City Semester check-in with Mike Knittel

We are just finishing up another great summer of City Semester Pittsburgh, with six Penn State students living in Pittsburgh and learning about sustainability. This semester, we have students from the Colleges of Earth and Mineral Science, the Liberal Arts, Arts and Architecture, and Agricultural Sciences, as well as the Smeal College of Business and the Eberly College of Science. They meet each week at the Penn State Center Pittsburgh for a course on urban sustainability, and then spend the rest of the week interning with a local community partner. Let’s check in with one of the students!
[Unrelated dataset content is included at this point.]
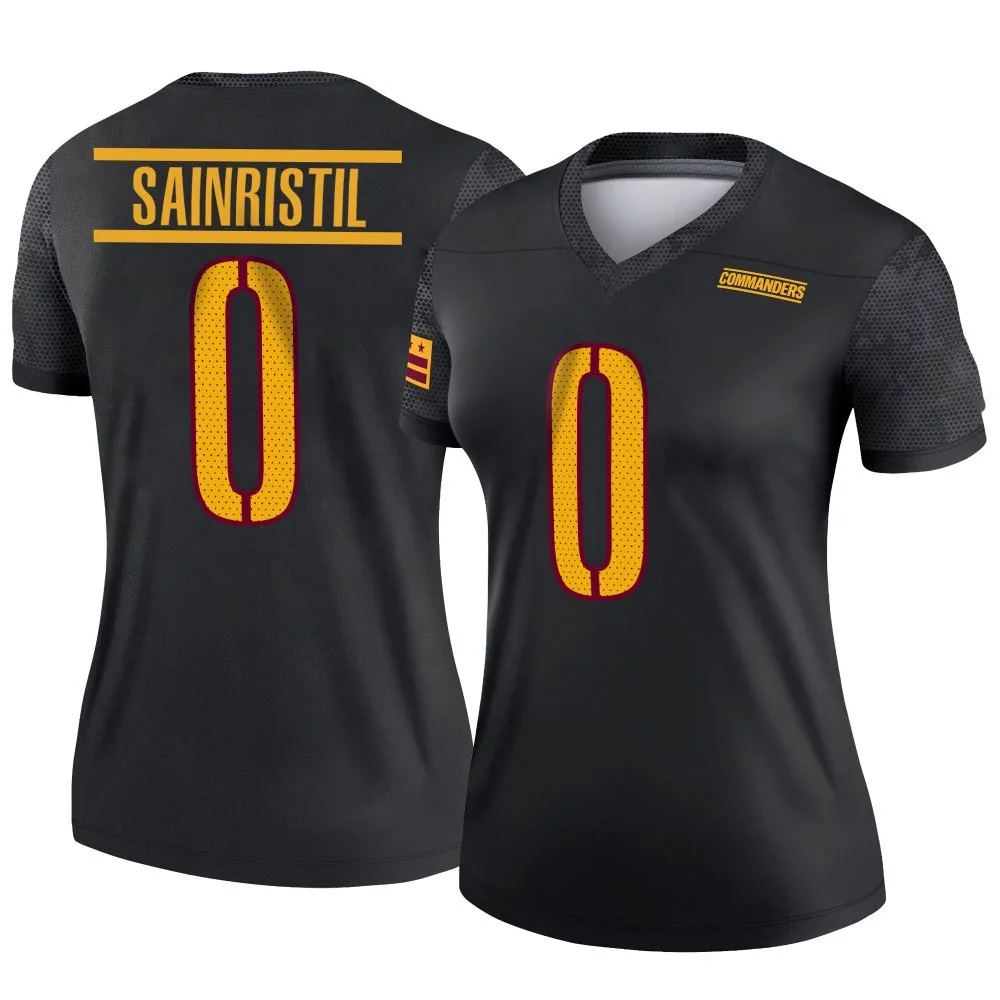 Women's Washington Commanders Mike Sainristil Nike Alternate Legend Black Jersey Women's Washington Commanders Mike Sainristil Nike Alternate Legend Black Jersey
Mike sitting behind a tableName: Mike Knittel
College: College of the Liberal Arts
Major: Political Science
Expected Graduation: 2024
City Semester Internship: Tree Pittsburgh

What are your general responsibilities at your internship?

Normally, I do nursery or education events with other community partners. Some examples include volunteer events, summer camps, and various education events at schools. My responsibilities vary on a day-to-day basis, but I’m normally performing various tasks to help events go smoothly.
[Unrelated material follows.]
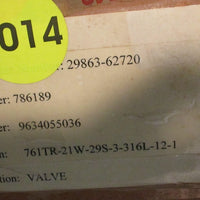Alfa Laval 761TR-21W-29S-3-316L-12-1 Single Seat Sanitary Valve 700 Series 3" OD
CS group on tour at Tree Pittsburgh
Mike (right) and the rest of the City Semester Pittsburgh cohort tour Tree Pittsburgh, where Mike spent his summer internship.

What has been your favorite part of the program?
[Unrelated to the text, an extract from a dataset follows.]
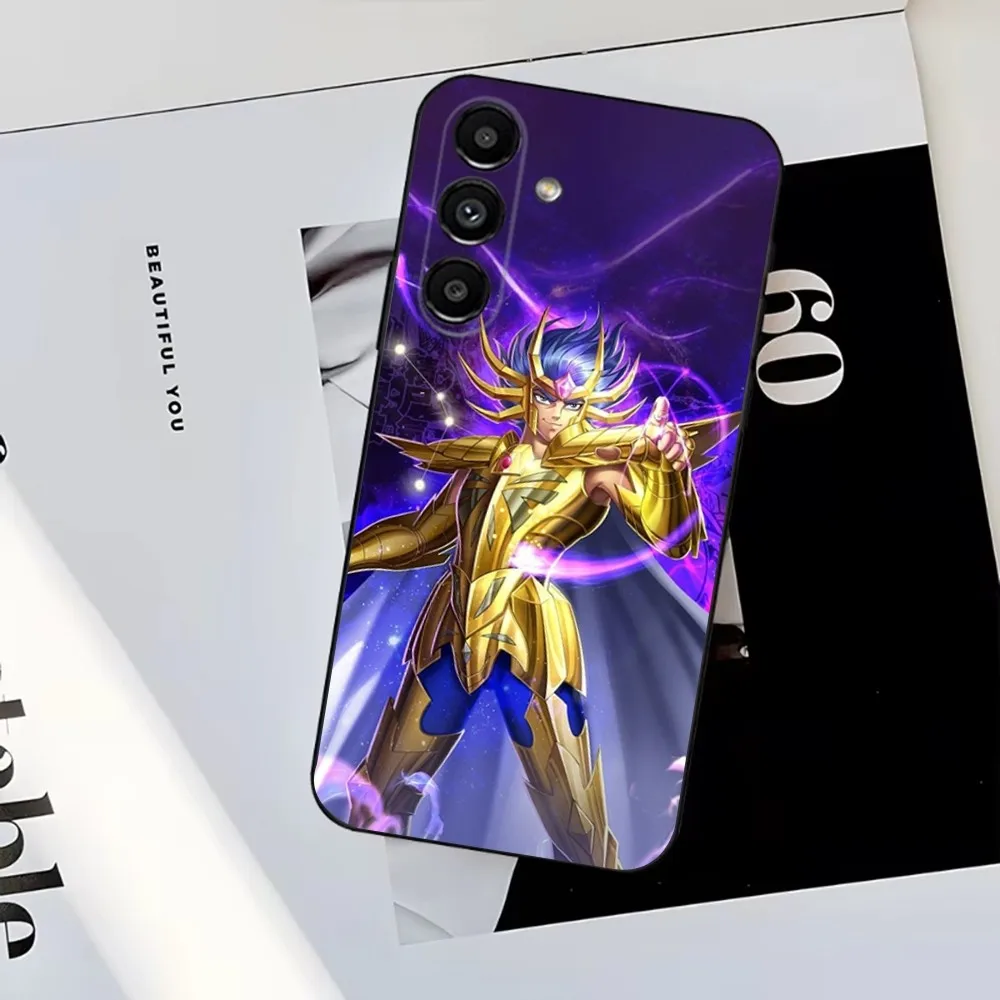 saint seiya k-knights Phone Case For Samsung S25,S24,S23,S22,S21,S20,S10,Ultra,Plus,Lite,FE,Soft Silicone Black Cover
My favorite part of the program has been just being in Pittsburgh. I really enjoy living in the city, and the people that I interact with are all incredible, especially at the internship.

What was your first impression of Pittsburgh?

My first impressions of Pittsburgh were generally positive, but still super nerve-wracking. It’s hard to go to a city where you don’t know anyone, but I’m lucky to be in a place where most people are nice to each other and I have opportunities to meet others and go to fun events.

What’s your favorite sustainability hack?

My favorite sustainability hack is simply walking! I love how walkable Pittsburgh is and how I rarely have to drive. I know it’s not possible everywhere, but it’s one of the things that can go a long way if you can do it, both personally and for the planet.